Become the postgres user, and initialize the new cluster:

[postgres]$ initdb -D /pathto/pgroot/data

Edit postgresql.service to create a drop-in file and override the Environment and PIDFile settings. For example:

/etc/systemd/system/postgresql.service.d/PGROOT.conf

[Service]
Environment=PGROOT=/pathto/pgroot
PIDFile=/pathto/pgroot/data/postmaster.pid

If you want to use /home directory for default directory or for tablespaces, add one more line in this file:

ProtectHome=false

Change default encoding of new databases to UTF-8

When creating a new database (e.g. with createdb blog) PostgreSQL actually copies a template database. There are two predefined templates: template0 is vanilla, while template1 is meant as an on-site template changeable by the administrator and is used by default. In order to change the encoding of a new database, one of the options is to change on-site template1. To do this, log into PostgreSQL shell (psql) and execute the following:

First, we need to drop template1. Templates cannot be dropped, so we first modify it so it is an ordinary database:

UPDATE pg_database SET datistemplate = FALSE WHERE datname = 'template1';

Now we can drop it:

DROP DATABASE template1;

The next step is to create a new database from template0, with a new default encoding:

CREATE DATABASE template1 WITH TEMPLATE = template0 ENCODING = 'UNICODE';

Now modify template1 so it is actually a template:

UPDATE pg_database SET datistemplate = TRUE WHERE datname = 'template1';

Optionally, if you do not want anyone connecting to this template, set datallowconn to FALSE:

UPDATE pg_database SET datallowconn = FALSE WHERE datname = 'template1';

Now you can create a new database:

[postgres]$ createdb blog

If you log back in to psql and check the databases, you should see the proper encoding of your new database:

\l

                              List of databases
  Name    |  Owner   | Encoding  | Collation | Ctype |   Access privileges
-----------+----------+-----------+-----------+-------+----------------------
blog      | postgres | UTF8      | C         | C     |
postgres  | postgres | SQL_ASCII | C         | C     |
template0 | postgres | SQL_ASCII | C         | C     | =c/postgres
                                                     : postgres=CTc/postgres
template1 | postgres | UTF8      | C         | C     |

Enable data checksumming

If your database files reside on a file system without checksumming, its data is suspectible to silent data corruption due to bit rot and broken hardware. While those events are rare, you might want to enable PostgreSQL's built-in data checksumming if you care about data integrity. This feature must be enabled on the cluster level, not per-database or per-table.

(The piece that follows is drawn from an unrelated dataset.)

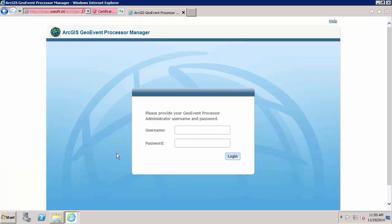If you are receiving this certificate warning when accessing the configuration portal for the PI Integrator for Esri ArcGIS, you can take the same steps to trust the self-signed certificate in the browser for that particular machine.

• To enable checksumming during cluster creation, add the --data-checksums argument to initdb.
• To verify whenever checksumming is enabled, run [postgres]$ psql -c "SHOW data_checksums" (which should print off or on).
• To toggle checksumming on an existing cluster:

1. Stop postgresql.service.
2. Run [postgres]$ pg_checksums --pgdata /var/lib/postgres/data --enable (or --disable if you no longer want checksumming). Enabling checksums will rewrite all database pages, which will take a while for large database instances.
3. Start postgresql.service.

Graphical tools

• phpPgAdmin — Web-based administration tool for PostgreSQL.

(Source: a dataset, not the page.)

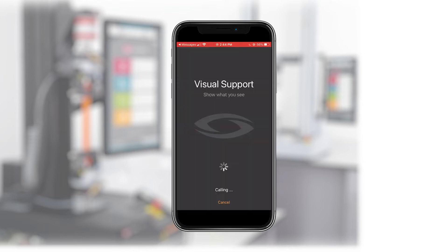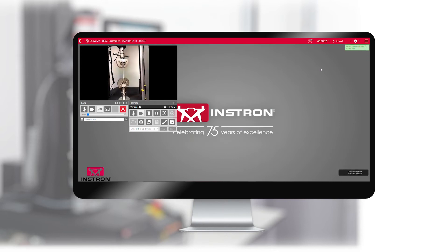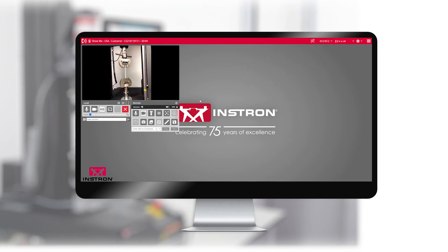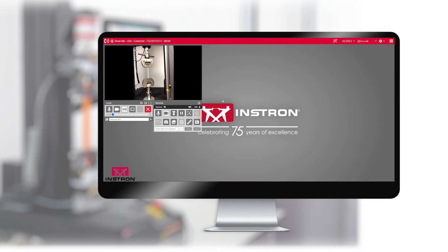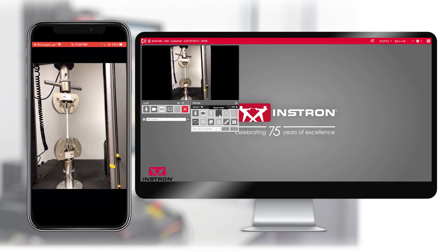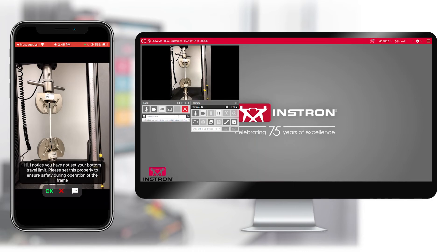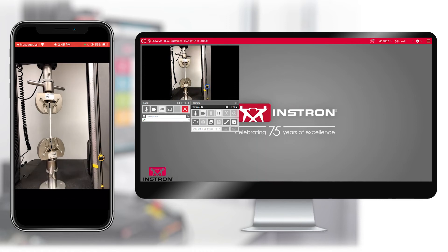The customer uses the camera on their mobile device to show technical support a view of their new test setup on their Instron system. Technical support notices immediately that the customer has not set their lower travel limit properly and pauses the on-screen image in the call. The customer's lab is quite loud, so the chat feature is used rather than direct microphone audio. Using the chat feature, technical support messages the customer to indicate the issue and then uses the drawing tool to circle the travel limit that is not set correctly.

https://github.com/phppgadmin/phppgadmin || phppgadmin

• pgAdmin — Comprehensive design and management GUI for PostgreSQL.

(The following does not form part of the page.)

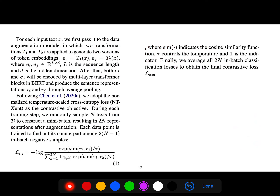We first pass it to the data augmentation, in which two transforms are applied to generate two versions of token embeddings. We adopt the normalized temperature-scaled cross-entropy loss as the contrastive objective. During a training step, we randomly sample N texts from the dataset to construct a mini-batch, resulting in 2N representations after augmentation. Each data point is trained to find its counterpart among 2N minus 1 in-batch negative samples. This loss is truly a contrastive loss because we are using not only positive pairs but also negative samples.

https://www.pgadmin.org/ || pgadmin3^AUR or pgadmin4

• pgModeler — Graphical schema designer for PostgreSQL.

https://pgmodeler.io/ || pgmodeler^AUR

For tools supporting multiple DBMSs, see List of applications/Documents#Database tools.

Upgrading PostgreSQL

Upgrading major PostgreSQL versions requires some extra maintenance.

Get the currently used database version via

# cat /var/lib/postgres/data/PG_VERSION

To ensure you do not accidentally upgrade the database to an incompatible version, it is recommended to skip updates to the PostgreSQL packages.

Minor version upgrades are safe to perform. However, if you do an accidental upgrade to a different major version, you might not be able to access any of your data. Always check the PostgreSQL home page to be sure of what steps are required for each upgrade. For a bit about why this is the case, see the versioning policy.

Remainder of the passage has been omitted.